Task directions:
Everything from the line holding "Panorama Pasma Radziejowej" through the last line of the data, and nothing else, should be retyped exactly, with no pictures.

Data below:
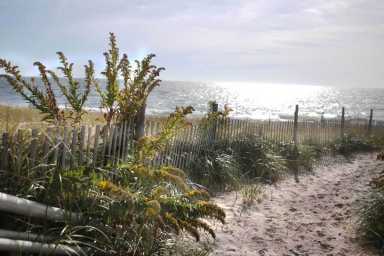 Electeds warn businesses will suffer after city closes section of Rockaway Beach for the summer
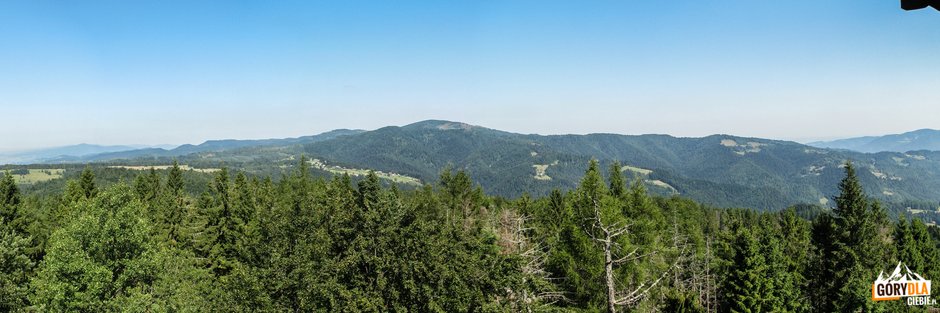 Panorama Pasma Radziejowej z wieży widokowej na Eliaszówce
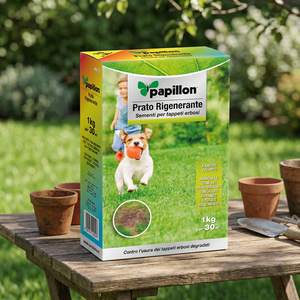 Graines de gazon pour réensemencement 1 Kg. - Product Image 2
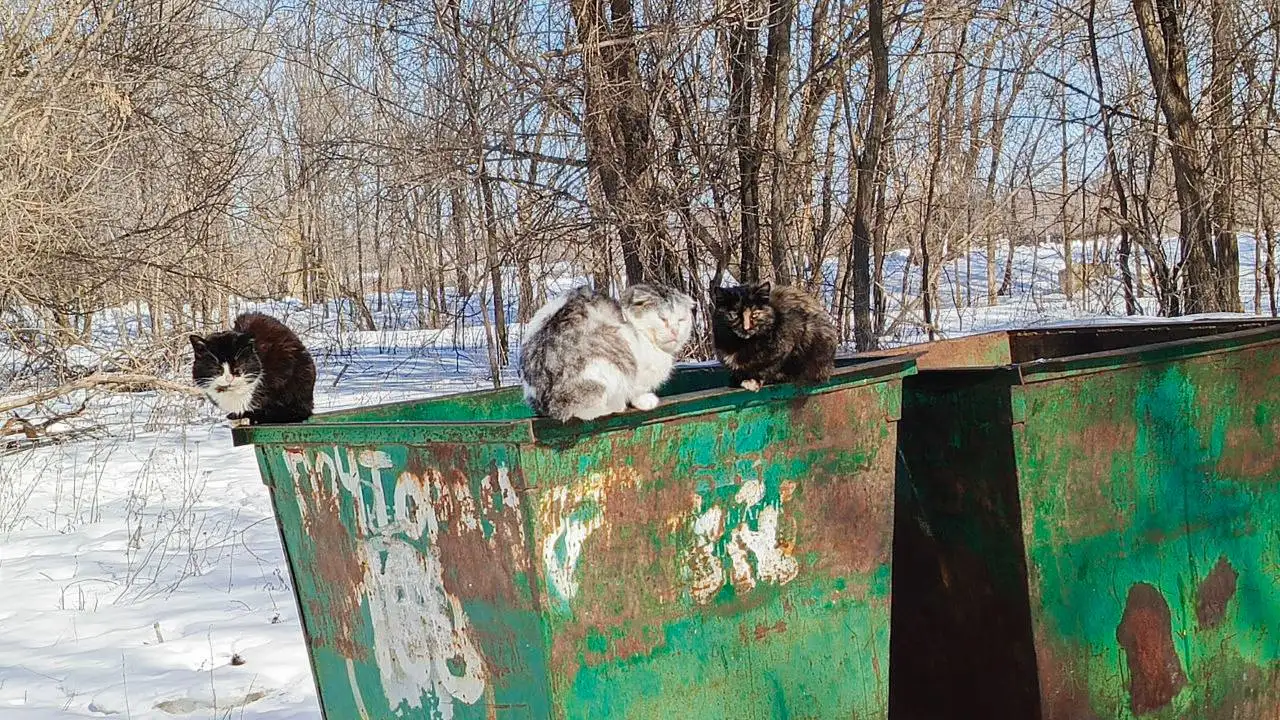 Брошенные кошки в деревне Чапаевка - Кошки (Животные) в Саратов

Written reply:
 Panorama Pasma Radziejowej z wieży widokowej na Eliaszówce
 Graines de gazon pour réensemencement 1 Kg. - Product Image 2
 Брошенные кошки в деревне Чапаевка - Кошки (Животные) в Саратов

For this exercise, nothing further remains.